L’allegazione di fondo dell’opponente – che, pur qualificandosi successore a titolo particolare ex art. 111 cod. proc. civ., ha rivendicato la titolarità di un diritto autonomo e incompatibile con quello accertato dalla sentenza, e non suscettibile, pertanto, di essere dalla, stessa pregiudicato (confr. pag. 18 del ricorso) – va valutata alla luce della rotazione impressa al sistema dei rapporti tra giudizio possessorio e giudizio petitorio dalla sentenza della Corte costituzionale n. 25 del 1992: alla luce, in particolare, delle piste difensive aperte al convenuto nel giudizio possessorio – ed eo magis, al successore a titolo particolare nel diritto controverso, per sottrarsi agli effetti della sentenza pronunciata nei confronti del suo dante causa all’esito di un giudizio possessorio – dallo smussamente del divieto di contaminatio diabolica, tra possessorio e peti torio, sancito, in via di principio, dall’art. 705 cod. proc. civ. (confr. Cass. civ. 31 maggio 2005, n. 11583).

Non può invero sfuggire che, sdoganata la possibilità di proporre giudizio petitorio anche prima della definizione di quello possessorio e della esecuzione della relativa decisione, almeno nel caso in cui da questa derivi o possa derivarne un pregiudizio irreparabile al convenuto (art. 705 cod. proc. civ., comma 1, nella riscrittura operatane dal Giudice delle leggi), l’opposizione all’esecuzione della M. è stata positivamente valutata dal Tribunale anche come mezzo di rivendicazione della titolarità esclusiva dell’azienda, a fronte di un diritto personale di godimento consustanzialmente inopponibile al terzo, diritto la cui soddisfazione coattiva, oltre a pregiudicare il regolare svolgimento dell’attività di impresa, avrebbe solo irragionevolmente procrastinato la tutela dell’acquirente, con inutile spreco di ricchezza, come avvertì in tempi lontani questa Corte allorchè, con giurisprudenza pretoria, ammise che l’azione possessoria potesse essere paralizzata dal contemporaneo esercizio, in separato giudizio, di un’azione petitoria (confr. Cass. 29 gennaio 1929, n. 405, specificamente richiamata nella pronuncia della Corte costituzionale innanzi menzionata).

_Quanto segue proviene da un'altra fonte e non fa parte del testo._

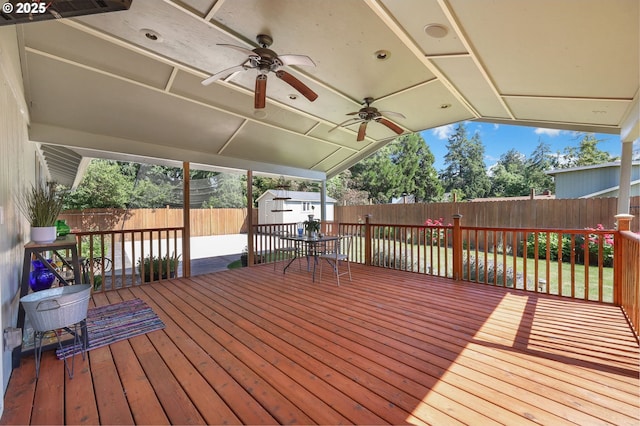 1364 Goodpasture Island Rd, Eugene, OR 97401 - wooden terrace with a fenced backyard and ceiling fan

6 Non è superfluo evidenziare, per puro scrupolo di completezza, che le allegazioni concernenti l’istanza asseritamente inoltrata dall’opponente al giudice, al fine di sentir disporre le modalità di esecuzione del titolo azionato, specificamente svolte nel secondo motivo, prospettano problematica del tutto nuova, in quanto non trattata nella sentenza impugnata, e comunque priva di qualsivoglia rilevanza decisoria, ai fini che qui interessano.

7 In definitiva il ricorso deve essere integralmente rigettato.

La difficoltà delle questioni consiglia di compensare integralmente tra le parti le spese del giudizio.

P.Q.M.

La Corte rigetta il ricorso; compensa integralmente tra le parti le spese del giudizio.

Così deciso in Roma, il 22 giugno 2011.